### Data under study
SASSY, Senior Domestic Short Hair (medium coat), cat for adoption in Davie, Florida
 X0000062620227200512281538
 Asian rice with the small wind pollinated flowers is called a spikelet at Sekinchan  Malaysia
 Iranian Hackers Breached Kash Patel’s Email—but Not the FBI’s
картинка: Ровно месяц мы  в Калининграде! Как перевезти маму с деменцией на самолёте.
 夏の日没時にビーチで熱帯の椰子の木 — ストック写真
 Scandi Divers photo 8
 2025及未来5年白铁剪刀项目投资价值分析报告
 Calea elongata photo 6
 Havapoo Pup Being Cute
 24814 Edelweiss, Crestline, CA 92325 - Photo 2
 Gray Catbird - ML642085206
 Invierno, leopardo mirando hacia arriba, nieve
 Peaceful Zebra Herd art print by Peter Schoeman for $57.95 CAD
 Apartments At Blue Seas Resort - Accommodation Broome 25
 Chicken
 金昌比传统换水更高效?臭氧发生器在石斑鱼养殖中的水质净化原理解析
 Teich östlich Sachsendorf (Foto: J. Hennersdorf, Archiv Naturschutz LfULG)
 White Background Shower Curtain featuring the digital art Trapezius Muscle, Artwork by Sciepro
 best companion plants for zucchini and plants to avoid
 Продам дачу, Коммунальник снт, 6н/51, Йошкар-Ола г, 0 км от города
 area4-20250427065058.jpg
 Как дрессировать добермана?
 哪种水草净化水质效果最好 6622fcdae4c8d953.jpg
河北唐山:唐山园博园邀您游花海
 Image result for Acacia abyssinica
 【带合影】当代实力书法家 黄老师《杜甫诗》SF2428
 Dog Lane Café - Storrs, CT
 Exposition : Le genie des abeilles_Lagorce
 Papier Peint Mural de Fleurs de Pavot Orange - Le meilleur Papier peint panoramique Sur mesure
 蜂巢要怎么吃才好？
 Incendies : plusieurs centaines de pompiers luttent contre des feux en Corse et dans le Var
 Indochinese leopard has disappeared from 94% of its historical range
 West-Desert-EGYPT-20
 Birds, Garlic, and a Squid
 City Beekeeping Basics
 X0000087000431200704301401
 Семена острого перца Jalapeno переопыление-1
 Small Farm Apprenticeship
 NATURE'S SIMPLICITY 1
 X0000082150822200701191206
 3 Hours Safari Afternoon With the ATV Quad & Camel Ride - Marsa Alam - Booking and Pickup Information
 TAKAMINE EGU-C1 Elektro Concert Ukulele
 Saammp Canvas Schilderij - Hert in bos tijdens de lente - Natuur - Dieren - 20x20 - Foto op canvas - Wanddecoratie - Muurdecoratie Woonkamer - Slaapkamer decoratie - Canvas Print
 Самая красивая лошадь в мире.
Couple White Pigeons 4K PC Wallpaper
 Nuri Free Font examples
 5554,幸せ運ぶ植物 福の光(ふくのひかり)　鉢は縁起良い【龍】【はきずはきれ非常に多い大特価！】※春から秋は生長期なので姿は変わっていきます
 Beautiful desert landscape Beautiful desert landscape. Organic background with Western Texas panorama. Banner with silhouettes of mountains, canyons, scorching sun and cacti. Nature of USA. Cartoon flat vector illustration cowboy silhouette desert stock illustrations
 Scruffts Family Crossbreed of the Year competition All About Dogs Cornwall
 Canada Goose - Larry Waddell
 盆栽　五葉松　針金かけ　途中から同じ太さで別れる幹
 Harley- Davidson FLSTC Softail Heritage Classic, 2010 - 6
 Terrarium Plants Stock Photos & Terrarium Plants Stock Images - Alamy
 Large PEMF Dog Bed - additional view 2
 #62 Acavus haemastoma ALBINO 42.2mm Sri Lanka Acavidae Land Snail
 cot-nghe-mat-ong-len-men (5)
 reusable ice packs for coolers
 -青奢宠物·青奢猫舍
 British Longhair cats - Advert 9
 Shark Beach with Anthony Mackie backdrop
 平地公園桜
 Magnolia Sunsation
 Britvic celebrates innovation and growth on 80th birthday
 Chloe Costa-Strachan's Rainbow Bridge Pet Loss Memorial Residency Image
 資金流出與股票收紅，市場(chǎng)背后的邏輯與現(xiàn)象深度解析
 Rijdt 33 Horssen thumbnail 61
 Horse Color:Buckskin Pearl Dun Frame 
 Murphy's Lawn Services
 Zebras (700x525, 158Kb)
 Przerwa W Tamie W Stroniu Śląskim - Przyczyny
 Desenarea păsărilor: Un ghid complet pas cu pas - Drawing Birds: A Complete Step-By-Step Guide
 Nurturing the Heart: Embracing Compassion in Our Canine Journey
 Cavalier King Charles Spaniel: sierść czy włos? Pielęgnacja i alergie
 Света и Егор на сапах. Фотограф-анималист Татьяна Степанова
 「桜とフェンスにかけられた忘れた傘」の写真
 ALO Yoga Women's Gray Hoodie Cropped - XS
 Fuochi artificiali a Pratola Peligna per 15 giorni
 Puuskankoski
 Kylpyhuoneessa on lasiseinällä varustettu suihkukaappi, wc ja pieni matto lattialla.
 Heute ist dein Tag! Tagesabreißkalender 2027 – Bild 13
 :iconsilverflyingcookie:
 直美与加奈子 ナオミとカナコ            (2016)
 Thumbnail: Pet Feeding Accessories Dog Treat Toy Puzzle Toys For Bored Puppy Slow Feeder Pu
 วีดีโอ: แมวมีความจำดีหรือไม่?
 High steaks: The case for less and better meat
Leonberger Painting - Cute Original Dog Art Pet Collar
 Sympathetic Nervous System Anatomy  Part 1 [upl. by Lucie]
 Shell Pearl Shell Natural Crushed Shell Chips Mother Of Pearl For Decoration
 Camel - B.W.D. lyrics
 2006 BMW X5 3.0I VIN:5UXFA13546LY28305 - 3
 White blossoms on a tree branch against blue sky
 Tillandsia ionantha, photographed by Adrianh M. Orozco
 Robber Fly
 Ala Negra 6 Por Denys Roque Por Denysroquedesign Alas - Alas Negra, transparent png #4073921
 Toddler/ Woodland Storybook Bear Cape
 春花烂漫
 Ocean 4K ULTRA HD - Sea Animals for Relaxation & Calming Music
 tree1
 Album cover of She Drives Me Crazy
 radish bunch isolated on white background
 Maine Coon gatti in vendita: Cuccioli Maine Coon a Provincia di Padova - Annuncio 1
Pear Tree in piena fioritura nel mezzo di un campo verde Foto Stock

### Requirement
Beginning with the line that contains "British Longhair cats - Advert 9", each line of the records above through the last one must be printed word for word.

### Task answer
 British Longhair cats - Advert 9
 Shark Beach with Anthony Mackie backdrop
 平地公園桜
 Magnolia Sunsation
 Britvic celebrates innovation and growth on 80th birthday
 Chloe Costa-Strachan's Rainbow Bridge Pet Loss Memorial Residency Image
 資金流出與股票收紅，市場(chǎng)背后的邏輯與現(xiàn)象深度解析
 Rijdt 33 Horssen thumbnail 61
 Horse Color:Buckskin Pearl Dun Frame 
 Murphy's Lawn Services
 Zebras (700x525, 158Kb)
 Przerwa W Tamie W Stroniu Śląskim - Przyczyny
 Desenarea păsărilor: Un ghid complet pas cu pas - Drawing Birds: A Complete Step-By-Step Guide
 Nurturing the Heart: Embracing Compassion in Our Canine Journey
 Cavalier King Charles Spaniel: sierść czy włos? Pielęgnacja i alergie
 Света и Егор на сапах. Фотограф-анималист Татьяна Степанова
 「桜とフェンスにかけられた忘れた傘」の写真
 ALO Yoga Women's Gray Hoodie Cropped - XS
 Fuochi artificiali a Pratola Peligna per 15 giorni
 Puuskankoski
 Kylpyhuoneessa on lasiseinällä varustettu suihkukaappi, wc ja pieni matto lattialla.
 Heute ist dein Tag! Tagesabreißkalender 2027 – Bild 13
 :iconsilverflyingcookie:
 直美与加奈子 ナオミとカナコ            (2016)
 Thumbnail: Pet Feeding Accessories Dog Treat Toy Puzzle Toys For Bored Puppy Slow Feeder Pu
 วีดีโอ: แมวมีความจำดีหรือไม่?
 High steaks: The case for less and better meat
Leonberger Painting - Cute Original Dog Art Pet Collar
 Sympathetic Nervous System Anatomy  Part 1 [upl. by Lucie]
 Shell Pearl Shell Natural Crushed Shell Chips Mother Of Pearl For Decoration
 Camel - B.W.D. lyrics
 2006 BMW X5 3.0I VIN:5UXFA13546LY28305 - 3
 White blossoms on a tree branch against blue sky
 Tillandsia ionantha, photographed by Adrianh M. Orozco
 Robber Fly
 Ala Negra 6 Por Denys Roque Por Denysroquedesign Alas - Alas Negra, transparent png #4073921
 Toddler/ Woodland Storybook Bear Cape
 春花烂漫
 Ocean 4K ULTRA HD - Sea Animals for Relaxation & Calming Music
 tree1
 Album cover of She Drives Me Crazy
 radish bunch isolated on white background
 Maine Coon gatti in vendita: Cuccioli Maine Coon a Provincia di Padova - Annuncio 1
Pear Tree in piena fioritura nel mezzo di un campo verde Foto Stock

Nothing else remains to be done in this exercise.